IA et protection des données personnelles : des forces antinomiques ?

La réglementation européenne en matière de protection des données personnelles (le RGPD) a instauré un cadre réglementaire dont l’objectif est de protéger les individus et les données qui les concerne et de leur offrir la faculté de consentir librement à l’utilisation de leurs données personnelles. A l’origine, l’instauration de ce corpus réglementaire visait d’abord à promouvoir une utilisation plus riche et en même temps plus responsable des données, à permettre aux entreprises de mieux répondre aux besoins de leurs clients par des offres mieux adaptées à ces besoins. Aujourd’hui qu’en est-il ? 

L’UE a d’abord raté le train des données personnelles sur lesquelles les GAFA ont construit leur empire. Il est regrettable de constater que l’objectif du RGPD de responsabilisation des entreprises dans les moyens qu’elles doivent mettre en œuvre pour protéger les données personnelles de leurs clients européens, ait été détourné.

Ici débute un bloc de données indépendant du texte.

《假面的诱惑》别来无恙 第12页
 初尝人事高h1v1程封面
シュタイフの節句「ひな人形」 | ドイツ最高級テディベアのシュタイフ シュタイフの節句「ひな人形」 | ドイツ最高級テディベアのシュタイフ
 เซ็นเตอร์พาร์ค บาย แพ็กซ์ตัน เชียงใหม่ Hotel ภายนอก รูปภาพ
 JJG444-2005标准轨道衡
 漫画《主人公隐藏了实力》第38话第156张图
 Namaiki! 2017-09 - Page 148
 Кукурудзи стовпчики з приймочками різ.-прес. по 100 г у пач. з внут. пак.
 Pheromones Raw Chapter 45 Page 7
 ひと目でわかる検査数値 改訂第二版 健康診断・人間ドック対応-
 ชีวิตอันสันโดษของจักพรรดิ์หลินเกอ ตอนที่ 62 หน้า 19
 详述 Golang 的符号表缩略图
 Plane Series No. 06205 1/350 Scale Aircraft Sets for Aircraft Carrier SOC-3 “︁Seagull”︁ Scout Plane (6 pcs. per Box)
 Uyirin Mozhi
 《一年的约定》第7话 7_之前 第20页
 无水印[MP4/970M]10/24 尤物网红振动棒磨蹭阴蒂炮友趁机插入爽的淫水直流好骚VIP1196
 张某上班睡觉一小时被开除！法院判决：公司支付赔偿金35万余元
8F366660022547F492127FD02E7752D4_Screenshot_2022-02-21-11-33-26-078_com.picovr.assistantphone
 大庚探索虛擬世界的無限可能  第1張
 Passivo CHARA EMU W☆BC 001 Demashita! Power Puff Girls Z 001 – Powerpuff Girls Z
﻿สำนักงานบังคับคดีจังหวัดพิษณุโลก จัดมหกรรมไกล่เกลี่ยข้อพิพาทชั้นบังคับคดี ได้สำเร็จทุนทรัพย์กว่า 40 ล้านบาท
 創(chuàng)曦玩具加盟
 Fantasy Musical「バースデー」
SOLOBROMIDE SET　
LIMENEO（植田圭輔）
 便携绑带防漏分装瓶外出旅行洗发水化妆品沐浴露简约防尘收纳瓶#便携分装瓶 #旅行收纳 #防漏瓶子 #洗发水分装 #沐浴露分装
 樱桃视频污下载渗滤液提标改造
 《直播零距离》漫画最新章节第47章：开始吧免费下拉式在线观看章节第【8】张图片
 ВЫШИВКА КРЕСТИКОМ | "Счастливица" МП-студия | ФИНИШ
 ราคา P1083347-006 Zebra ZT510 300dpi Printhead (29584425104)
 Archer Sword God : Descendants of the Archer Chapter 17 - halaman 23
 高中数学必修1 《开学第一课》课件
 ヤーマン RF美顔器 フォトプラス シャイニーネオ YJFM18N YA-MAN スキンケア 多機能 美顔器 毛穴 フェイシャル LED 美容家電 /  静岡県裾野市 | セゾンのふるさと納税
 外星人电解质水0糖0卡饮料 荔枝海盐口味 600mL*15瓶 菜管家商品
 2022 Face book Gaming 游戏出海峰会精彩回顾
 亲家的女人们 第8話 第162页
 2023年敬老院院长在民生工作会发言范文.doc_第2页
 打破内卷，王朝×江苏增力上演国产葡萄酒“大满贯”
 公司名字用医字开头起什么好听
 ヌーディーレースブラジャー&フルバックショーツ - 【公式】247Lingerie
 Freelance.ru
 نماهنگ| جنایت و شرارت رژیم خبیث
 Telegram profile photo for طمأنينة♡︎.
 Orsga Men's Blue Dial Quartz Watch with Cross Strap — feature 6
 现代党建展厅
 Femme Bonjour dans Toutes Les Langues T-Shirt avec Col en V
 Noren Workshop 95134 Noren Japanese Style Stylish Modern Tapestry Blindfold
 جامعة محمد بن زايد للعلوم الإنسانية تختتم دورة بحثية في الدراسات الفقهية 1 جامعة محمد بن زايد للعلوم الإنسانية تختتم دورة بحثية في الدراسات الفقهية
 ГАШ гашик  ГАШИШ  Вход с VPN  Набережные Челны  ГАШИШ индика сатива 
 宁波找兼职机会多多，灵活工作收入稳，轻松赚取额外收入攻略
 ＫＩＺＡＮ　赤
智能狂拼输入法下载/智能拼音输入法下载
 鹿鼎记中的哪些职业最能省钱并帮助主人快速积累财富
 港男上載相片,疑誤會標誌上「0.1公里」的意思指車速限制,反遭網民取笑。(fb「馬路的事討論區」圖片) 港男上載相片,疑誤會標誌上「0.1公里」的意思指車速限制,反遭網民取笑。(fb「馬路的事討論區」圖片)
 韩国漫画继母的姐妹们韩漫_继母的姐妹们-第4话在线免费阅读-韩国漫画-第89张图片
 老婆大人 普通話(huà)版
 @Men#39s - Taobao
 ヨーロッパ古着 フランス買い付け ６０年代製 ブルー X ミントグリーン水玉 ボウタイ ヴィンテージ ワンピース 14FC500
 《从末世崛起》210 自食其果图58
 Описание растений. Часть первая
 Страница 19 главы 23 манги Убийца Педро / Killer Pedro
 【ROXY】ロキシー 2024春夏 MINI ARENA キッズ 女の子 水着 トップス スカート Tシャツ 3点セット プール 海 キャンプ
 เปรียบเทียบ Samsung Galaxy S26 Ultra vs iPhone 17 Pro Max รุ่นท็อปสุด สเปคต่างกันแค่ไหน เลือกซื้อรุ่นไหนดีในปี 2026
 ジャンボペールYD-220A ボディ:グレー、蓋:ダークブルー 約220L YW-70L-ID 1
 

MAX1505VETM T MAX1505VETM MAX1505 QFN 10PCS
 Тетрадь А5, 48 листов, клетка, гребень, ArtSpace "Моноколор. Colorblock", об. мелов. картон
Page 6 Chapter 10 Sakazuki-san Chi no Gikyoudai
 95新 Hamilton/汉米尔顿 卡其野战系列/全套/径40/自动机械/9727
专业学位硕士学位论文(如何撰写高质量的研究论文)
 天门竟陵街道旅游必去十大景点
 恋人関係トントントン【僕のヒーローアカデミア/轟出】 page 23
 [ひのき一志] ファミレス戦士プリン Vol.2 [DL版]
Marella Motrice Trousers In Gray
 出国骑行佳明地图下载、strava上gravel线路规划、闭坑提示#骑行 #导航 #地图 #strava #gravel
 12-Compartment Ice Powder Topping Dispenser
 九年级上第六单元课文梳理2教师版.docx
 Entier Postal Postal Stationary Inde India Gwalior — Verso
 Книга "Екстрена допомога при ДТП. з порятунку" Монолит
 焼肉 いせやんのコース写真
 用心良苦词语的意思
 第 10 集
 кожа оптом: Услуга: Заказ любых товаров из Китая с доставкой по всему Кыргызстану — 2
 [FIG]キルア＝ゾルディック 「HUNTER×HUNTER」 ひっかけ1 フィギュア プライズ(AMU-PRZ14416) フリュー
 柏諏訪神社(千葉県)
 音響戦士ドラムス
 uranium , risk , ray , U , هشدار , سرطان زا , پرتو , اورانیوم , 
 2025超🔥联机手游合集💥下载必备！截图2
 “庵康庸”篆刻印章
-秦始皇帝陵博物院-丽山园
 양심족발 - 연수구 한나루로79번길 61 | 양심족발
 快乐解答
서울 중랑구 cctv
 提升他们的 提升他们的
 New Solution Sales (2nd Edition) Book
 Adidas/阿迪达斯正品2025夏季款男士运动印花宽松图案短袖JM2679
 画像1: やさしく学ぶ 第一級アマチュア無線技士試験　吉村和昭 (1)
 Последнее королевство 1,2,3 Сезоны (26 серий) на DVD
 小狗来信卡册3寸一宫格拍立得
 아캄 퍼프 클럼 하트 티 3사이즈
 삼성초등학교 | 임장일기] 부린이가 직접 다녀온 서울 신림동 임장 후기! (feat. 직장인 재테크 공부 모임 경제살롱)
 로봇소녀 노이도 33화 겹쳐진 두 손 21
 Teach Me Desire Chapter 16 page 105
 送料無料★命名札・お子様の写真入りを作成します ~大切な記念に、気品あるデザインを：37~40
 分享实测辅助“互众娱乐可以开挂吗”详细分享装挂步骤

Il a en effet souvent conduit à une situation « d’autocensure ». Les acteurs économiques européens se privent souvent volontairement d’exploiter les données personnelles de leurs clients pour éviter tout risque de détournement de ces données et d’encourir des pénalités importantes. A l’inverse les GAFA, principales cibles de la réglementation, échappent encore relativement aux sanctions qui leur sont infligées et continuent de dominer le marché des données.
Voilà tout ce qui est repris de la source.